There are also a few other factors which can influence more complex splits. Of these, the most prominent is number. For instance, Arabana shows a system in which non-singular pronouns take accusative marking, singular pronouns and proper nouns take tripartite marking, and common nouns take ergative marking. At first this would seem like a straightforward extension of the animacy hierarchy to go ‘plurals > pronouns > …’; however, Dixon suggests that it is invalid to place non-singular nouns on the animacy hierarchy, and that such systems are simply a result of the general typological principle that more morphological distinctions are made in the singular than in the plural. (Semantically, not placing non-singular nouns on the animacy hierarchy makes sense: plurals are no more or less animate than singulars, and thus cannot readily be placed on the animacy hierarchy.) This is supported by systems such as that of Kalaw Lagaw Ya; this system uses tripartite marking for singular pronouns, direct marking for dual pronouns, accusative marking for singular and dual names, ergative marking for common nouns, and direct marking for all plurals. This might be clearer as a table (adapted from Dixon):
|
names |
pronouns |
common nouns |
singular |
S=A, O different (accusative) |
A,S,O all different (tripartite) |
S=O, A different (ergative) |
dual |
S=A, O different (accusative) |
A=S=O (direct/neutral) |
S=O, A different (ergative) |
plural |
A=S=O |
A=S=O |
A=S=O |
Using a slightly different version of the animacy hierarchy, we might diagram this as follows:
(I did try to do a textual version using box-drawing characters like all the other diagrams, but it ended up being too confusing. The above diagram is instead a modified version of Figure 2 from McGregor’s Typology of Ergativity. I’m not too sure how long the image URL will last; please tell me if it disappears!)
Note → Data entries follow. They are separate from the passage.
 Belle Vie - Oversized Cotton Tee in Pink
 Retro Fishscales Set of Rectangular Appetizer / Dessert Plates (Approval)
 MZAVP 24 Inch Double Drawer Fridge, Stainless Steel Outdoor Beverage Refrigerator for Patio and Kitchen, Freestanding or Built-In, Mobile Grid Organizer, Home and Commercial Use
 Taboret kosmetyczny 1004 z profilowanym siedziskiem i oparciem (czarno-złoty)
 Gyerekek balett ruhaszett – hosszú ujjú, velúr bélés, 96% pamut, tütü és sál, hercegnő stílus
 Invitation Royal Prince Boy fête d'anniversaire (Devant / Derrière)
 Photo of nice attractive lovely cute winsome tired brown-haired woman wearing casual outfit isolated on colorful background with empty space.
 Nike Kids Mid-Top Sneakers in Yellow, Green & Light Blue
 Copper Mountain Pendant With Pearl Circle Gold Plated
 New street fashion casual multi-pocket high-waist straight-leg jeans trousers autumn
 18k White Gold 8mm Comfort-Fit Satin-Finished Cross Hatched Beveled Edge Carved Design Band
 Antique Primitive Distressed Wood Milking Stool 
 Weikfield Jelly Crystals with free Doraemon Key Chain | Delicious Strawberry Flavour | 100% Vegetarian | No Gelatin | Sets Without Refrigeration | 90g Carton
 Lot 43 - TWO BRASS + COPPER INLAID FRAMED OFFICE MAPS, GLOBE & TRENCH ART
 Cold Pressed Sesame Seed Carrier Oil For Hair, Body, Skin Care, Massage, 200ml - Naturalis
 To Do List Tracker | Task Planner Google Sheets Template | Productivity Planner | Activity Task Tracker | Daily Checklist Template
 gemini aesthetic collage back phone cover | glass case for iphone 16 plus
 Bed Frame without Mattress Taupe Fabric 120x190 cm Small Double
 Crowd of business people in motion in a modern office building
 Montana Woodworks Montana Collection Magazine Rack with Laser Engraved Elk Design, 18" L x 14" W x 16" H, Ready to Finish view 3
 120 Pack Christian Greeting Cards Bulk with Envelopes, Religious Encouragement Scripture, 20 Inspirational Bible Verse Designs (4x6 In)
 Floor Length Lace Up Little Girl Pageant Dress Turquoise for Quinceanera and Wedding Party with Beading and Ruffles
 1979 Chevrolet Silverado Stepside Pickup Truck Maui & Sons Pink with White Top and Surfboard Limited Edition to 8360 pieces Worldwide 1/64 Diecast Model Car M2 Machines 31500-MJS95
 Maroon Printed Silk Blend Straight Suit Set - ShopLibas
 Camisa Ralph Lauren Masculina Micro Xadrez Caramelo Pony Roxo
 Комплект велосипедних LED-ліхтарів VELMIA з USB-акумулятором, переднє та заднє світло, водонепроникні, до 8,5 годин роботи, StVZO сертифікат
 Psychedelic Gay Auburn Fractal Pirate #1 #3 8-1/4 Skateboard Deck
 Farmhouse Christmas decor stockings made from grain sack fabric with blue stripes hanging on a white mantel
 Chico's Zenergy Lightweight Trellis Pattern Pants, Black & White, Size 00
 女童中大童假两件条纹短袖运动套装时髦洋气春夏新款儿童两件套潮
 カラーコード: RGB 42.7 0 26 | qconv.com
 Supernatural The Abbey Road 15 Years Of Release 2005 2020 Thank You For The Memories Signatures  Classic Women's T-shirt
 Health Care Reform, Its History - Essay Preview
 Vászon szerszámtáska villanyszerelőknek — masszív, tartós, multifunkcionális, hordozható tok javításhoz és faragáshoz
This makes it clear that singular, dual and plural NPs are separate with regards to the animacy hierarchy. With singular NPs, accusative and ergative marking overlap to give an area of tripartite marking; with dual NPs, accusative and ergative marking don’t meet, giving an area of direct marking; and accusative and ergative marking completely disappear with plural NPs.
Of course, this comment about plural having less distinctions than singular is only a generalisation. For instance, the Gumbaynggir language uses ergative alignment for first person dual and second person singular, but tripartite alignment for first person singular and plural and second person dual and plural. Similarly, Yimas uses accusative alignment for first person dual, but tripartite alignment for first person singular and plural.
Besides number, another factor which can influence a split is definiteness. Generally, the further left an NP is on the animacy hierarchy, the more likely it is to be definite: pronouns and demonstratives are always definite, humans are usually definite, and inanimate NPs are usually indefinite. Due to this, definite NPs are usually associated with animacy and accusative alignment, while indefinite NPs are associated with inanimacy and ergative alignment. Although the correlation of definiteness with animacy seems to be well-known, there appear to be few languages which use it as a component of an animacy-based split; however, it seems that definiteness is often a component of splits involving differential case marking (Malchukov 2017; see below for more details on differential case marking).
Finally, remember that all these tendencies — related to the animacy hierarchy, number, definiteness — are just generalisations. For instance, Diyari uses a complex split between ergative, tripartite and accusative alignments where:
- Ergative alignment is used for male personal names and singular common nouns;
- Tripartite alignment is used for female personal names, non-singular common nouns, singular first and second person pronouns, and all third person pronouns;
- Accusative alignment is used for non-singular first and second person pronouns.
I suppose the lesson here is that, although the majority of languages work according to the animacy hierarchy and similar concepts, a split system can be just about arbitrarily complex (within reasonable limits, of course).
Bound-free splits
Earlier in this thread I mentioned that agreement and case-marking generally occur together only in specific ways. In particular, there is a universal:
if a language has accusative case-marking, then it cannot have any form of ergative verbal agreement. At the time, I stated that ‘However, a fuller discussion of the theory behind … why the universal above is true … will have to wait until split ergativity and the animacy hierarchy are discussed later; the discussion above is probably sufficient for now.’. But now that we know about these concepts, we can explain this universal!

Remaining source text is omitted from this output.